Pluggable partitioner
The connector comes out of the box with partitioners that support default
partitioning based on Apache Kafka® partitions, field partitioning, and time-based
partitioning in days or hours. You may implement your own partitioners by
extending the Partitioner
class. Additionally, you can customize time-based
partitioning by extending the TimeBasedPartitioner
class.
Note
This connector is not compatible with SMTs that change the name of the
topic.
Prerequisites
The following are required to run the Kafka Connect Azure Data Lake Storage
Gen2 Sink Connector:
- Kafka Broker: Confluent Platform 3.3.0 or above, or Kafka 0.11.0 or above
- Connect: Confluent Platform 4.0.0 or above, or Kafka 1.0.0 or above
- Java 1.8
- Azure CLI
Install the Azure Data Lake Storage Gen2 Connector
You can install this connector by using the Confluent Hub client installation
instructions or by manually
downloading the ZIP file.
Prerequisites
Note
You must install the connector on every machine where Connect will run.
An install of the Confluent Hub Client.
Note
This is installed by default with Confluent Enterprise.
An install of the latest (latest
) connector version.
To install the latest
connector version, navigate to your Confluent Platform
installation directory and run the following command:
confluent-hub install confluentinc/kafka-connect-azure-data-lake-gen2-storage:latest
You can install a specific version by replacing latest
with a version
number as shown in the following example:
confluent-hub install confluentinc/kafka-connect-azure-data-lake-gen2-storage:1.0.0-preview
Quick Start
In this quick start, the Azure Data Lake Storage Gen2 connector is used to export
data produced by the Avro console producer to Azure Data Lake Storage Gen2.
Install the connector through the Confluent Hub Client.

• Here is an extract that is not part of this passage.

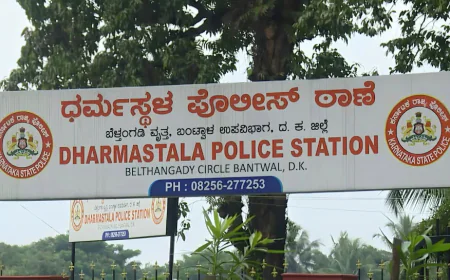 ಧರ್ಮಸ್ಥಳದ ತನಿಖೆಗಳು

# run from your CP installation directory
confluent-hub install confluentinc/kafka-connect-azure-data-lake-gen2-storage:latest
Tip
By default, it will install the plugin into
share/confluent-hub-components
and add the directory to the plugin path.
If this is the first connector you have installed, you may need to restart
the connect server for the plugin path change to take effect. Also see Azure
Data Lake Gen2 CLI
for setting up and using the Azure CLI.
Start the services using the Confluent CLI.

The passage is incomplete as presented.